╭─ Data provided

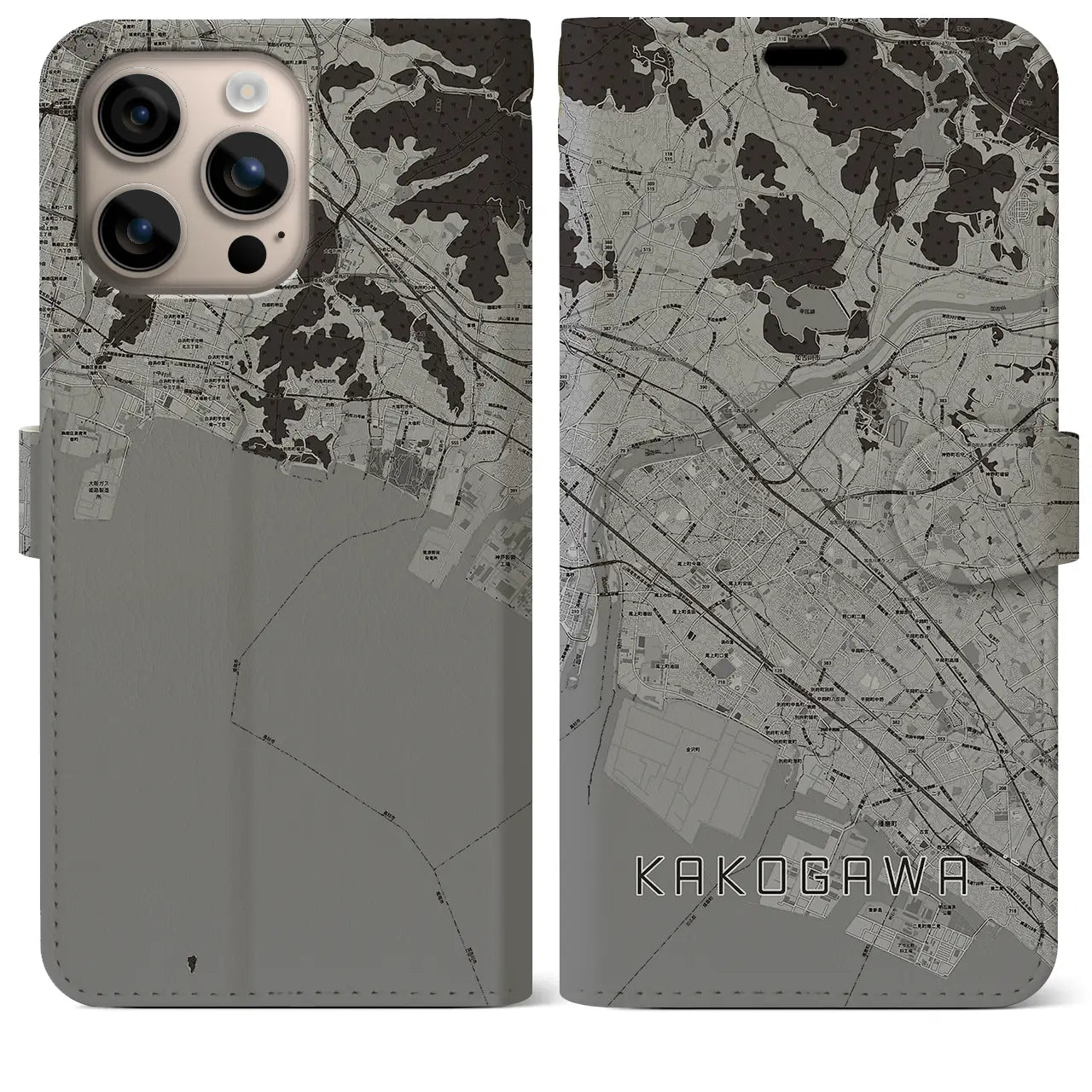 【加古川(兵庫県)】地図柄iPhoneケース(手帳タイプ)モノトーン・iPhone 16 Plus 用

╰─
╭─ Data provided

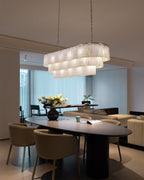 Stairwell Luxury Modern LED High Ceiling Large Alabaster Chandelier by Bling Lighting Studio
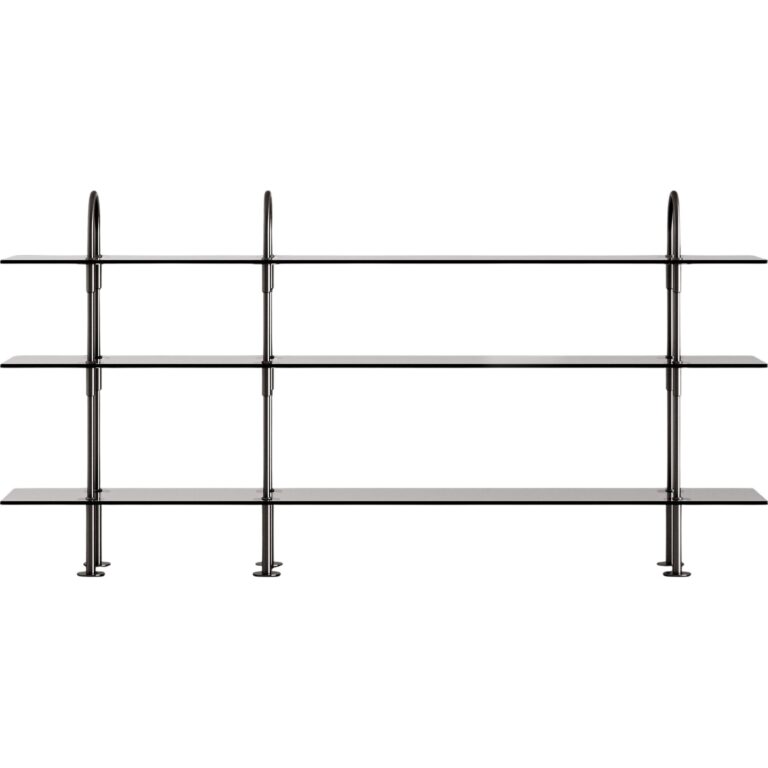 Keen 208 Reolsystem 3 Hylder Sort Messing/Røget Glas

╰─

Work task:
Go down the entries above from the line containing "Stairwell Luxury Modern" to the line containing "Keen 208 Reolsystem" and write out each line exactly, leaving pictures out.

Answer to this task:
 Stairwell Luxury Modern LED High Ceiling Large Alabaster Chandelier by Bling Lighting Studio
 Keen 208 Reolsystem 3 Hylder Sort Messing/Røget Glas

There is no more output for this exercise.